▶ **Exercise**:
Because the pictures are not wanted, reproduce the rest of the records below exactly as they stand.

▶ **Stored data entries**:
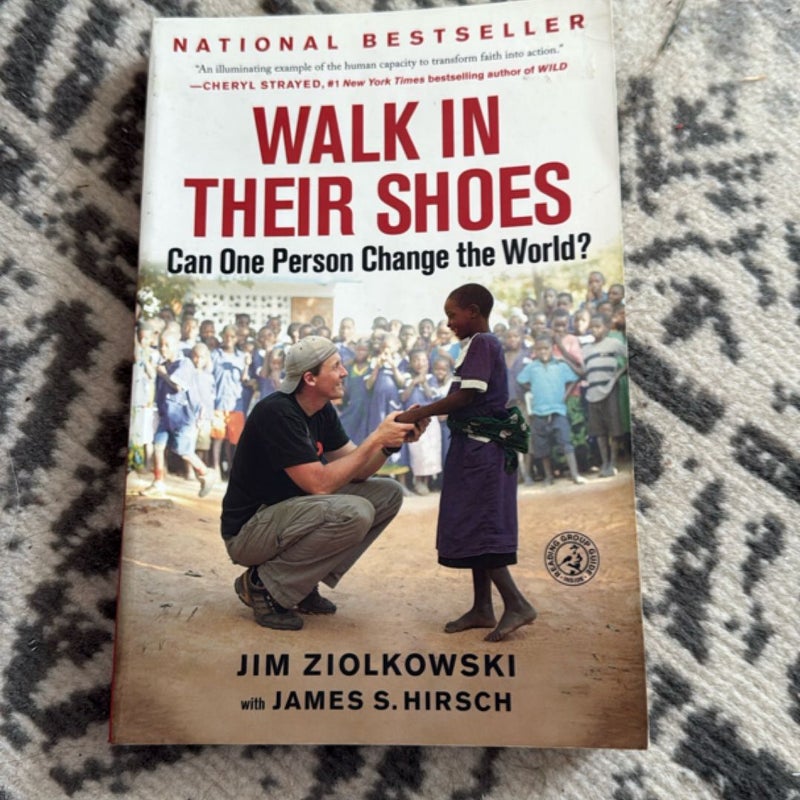 Walk in Their Shoes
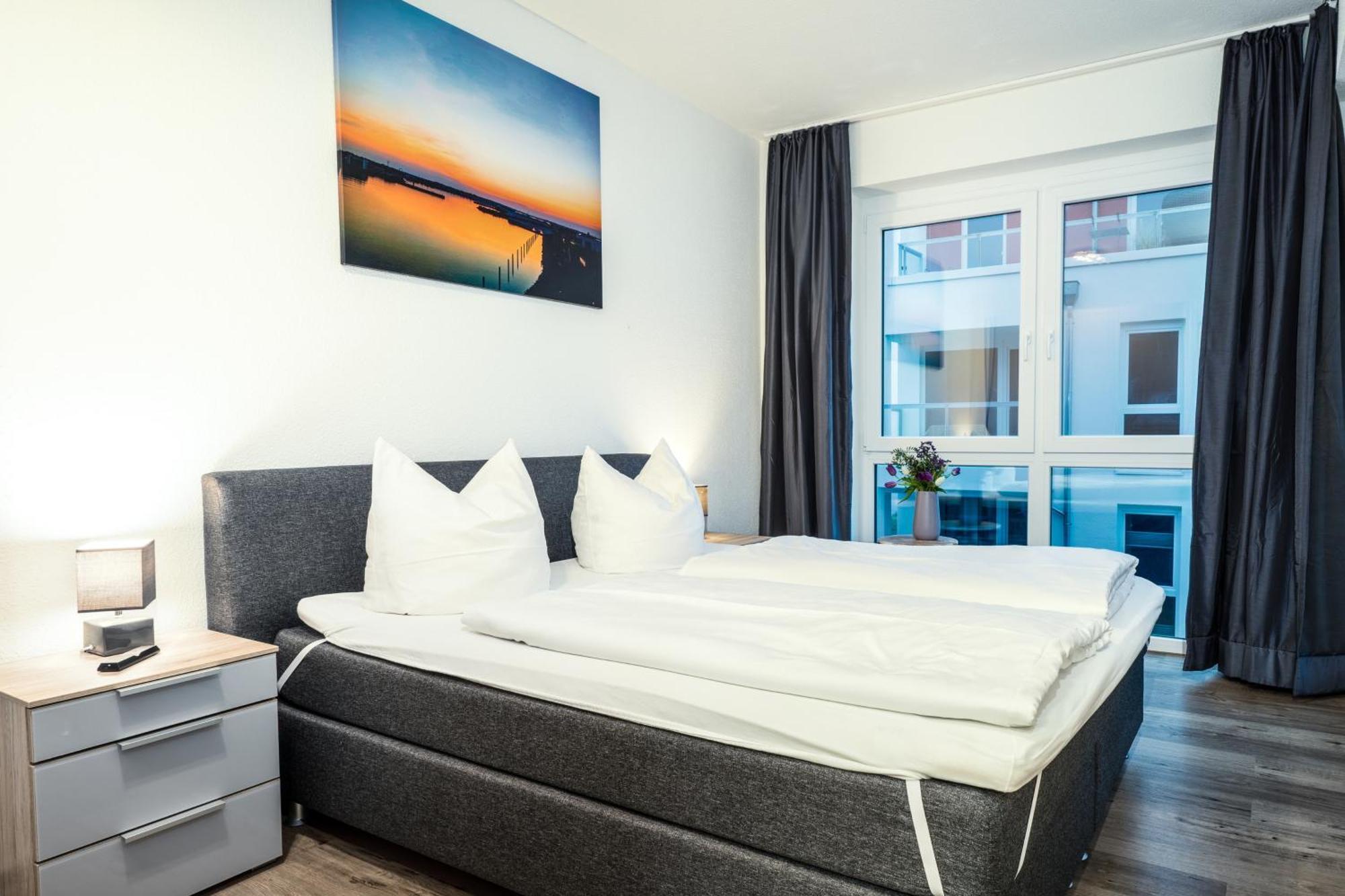 Ferienwohnung Residenz Bollwark คัพเพล์น ภายนอก รูปภาพ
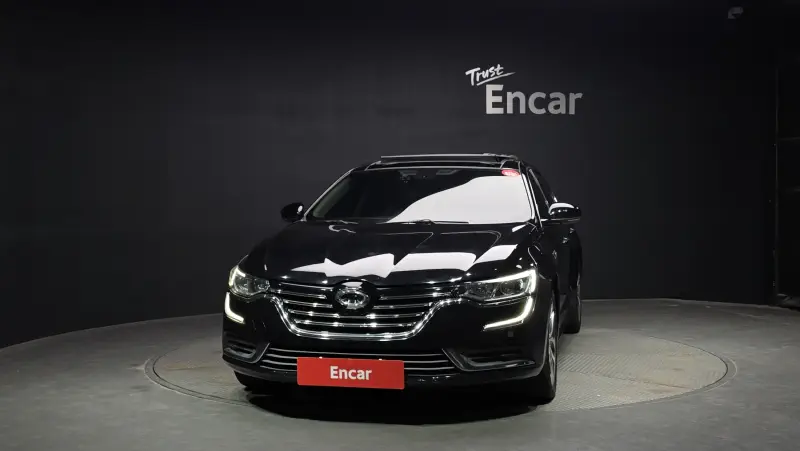 Renault Samsung SM6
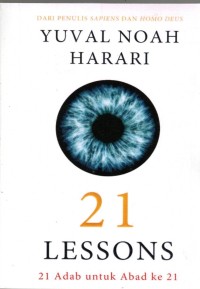 21 LESSON : 21 Adab untuk Abad ke 21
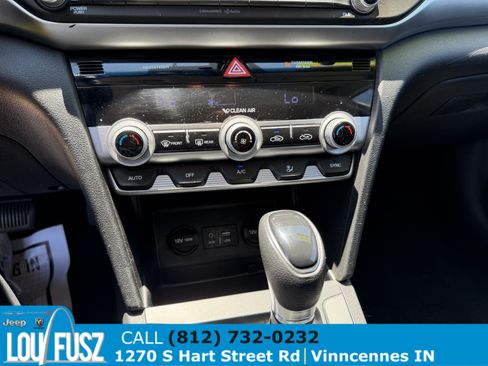 Used 2020 Hyundai Elantra SEL w/ Cargo Package (C1) FWD image 19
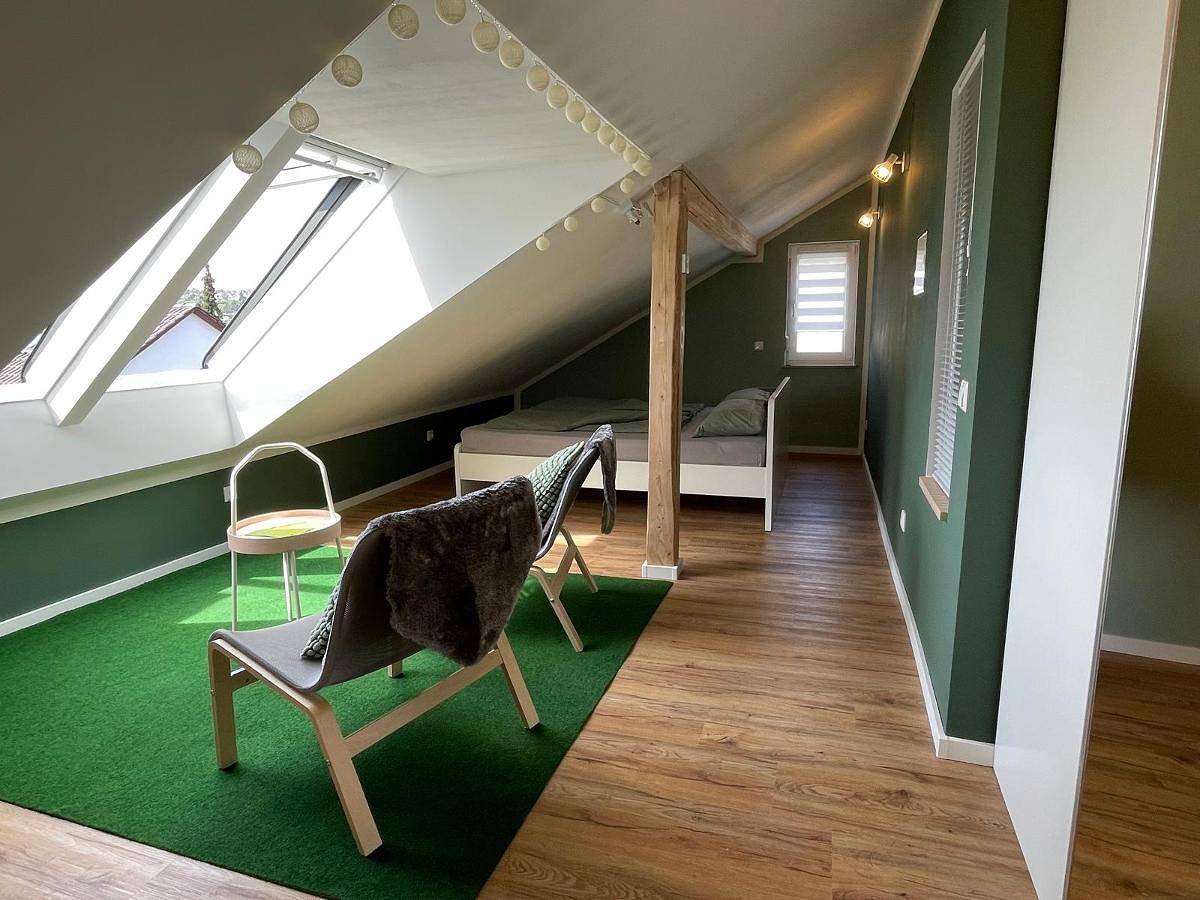 Feriennest Kelheim - Feriennest Kelheim – Stylisches Urlaubszuhause für Zwei in Kelheim, Ostbayern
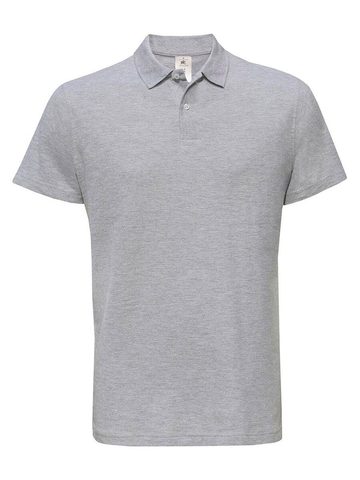 Basic BCID001 - 610 - Heather Grey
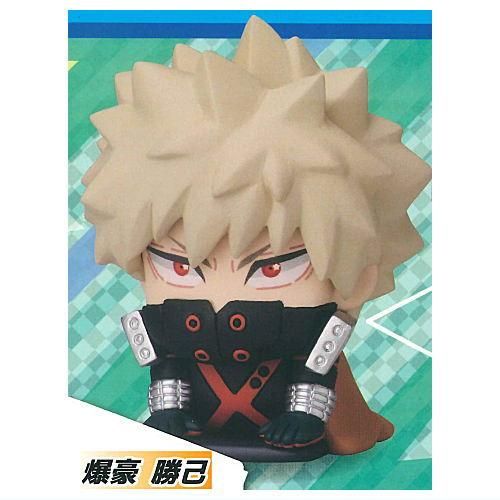 スケールモデル 新作 僕のヒーローアカデミア おねむたん vol.3 勝己 [2.爆豪 コミック・アニメ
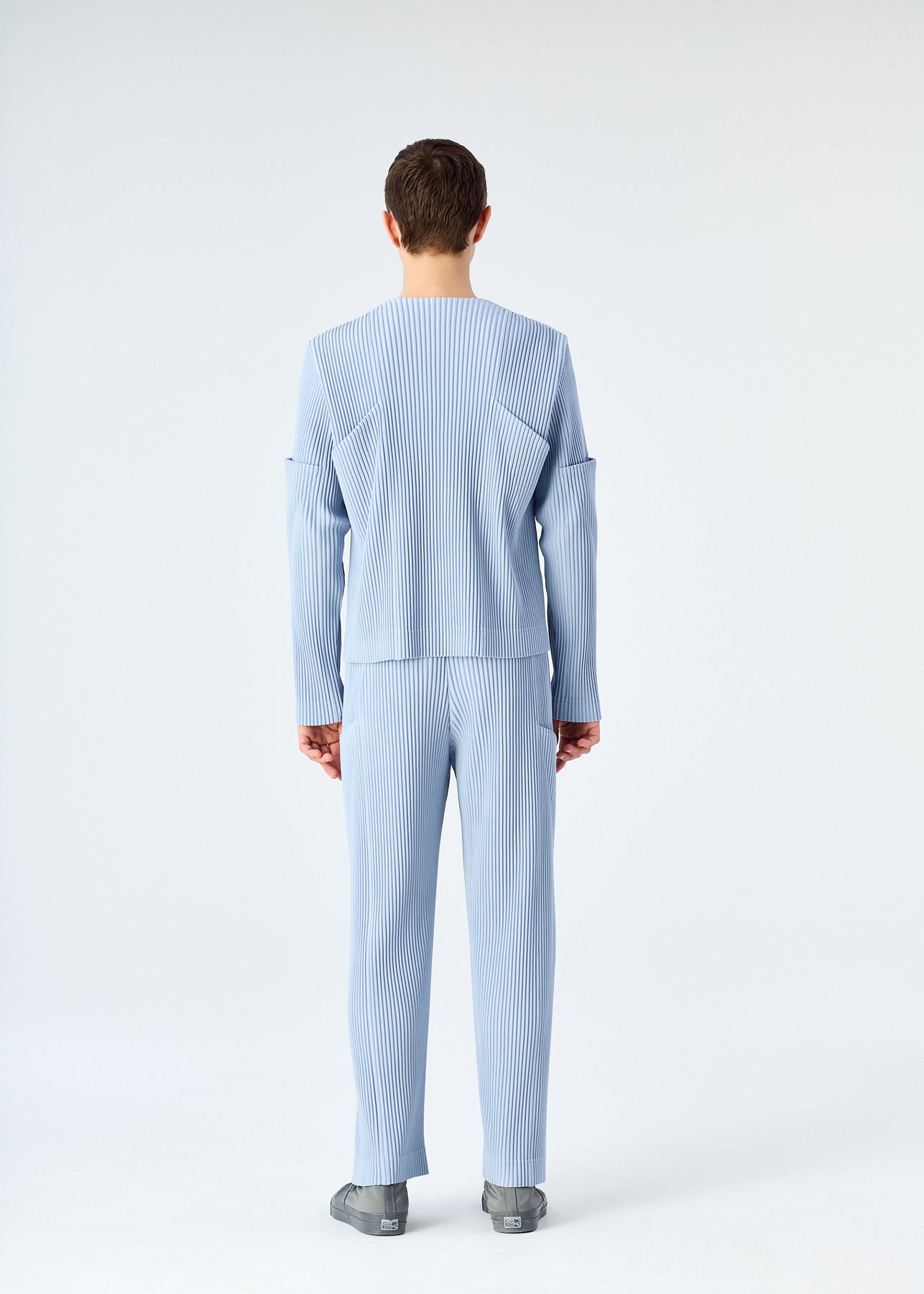 FLICK PANTS, The official ISSEY MIYAKE ONLINE STORE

▶ **Response to the exercise**:
 Walk in Their Shoes
 Ferienwohnung Residenz Bollwark คัพเพล์น ภายนอก รูปภาพ
 Renault Samsung SM6
 21 LESSON : 21 Adab untuk Abad ke 21
 Used 2020 Hyundai Elantra SEL w/ Cargo Package (C1) FWD image 19
 Feriennest Kelheim - Feriennest Kelheim – Stylisches Urlaubszuhause für Zwei in Kelheim, Ostbayern
 Basic BCID001 - 610 - Heather Grey
 スケールモデル 新作 僕のヒーローアカデミア おねむたん vol.3 勝己 [2.爆豪 コミック・アニメ
 FLICK PANTS, The official ISSEY MIYAKE ONLINE STORE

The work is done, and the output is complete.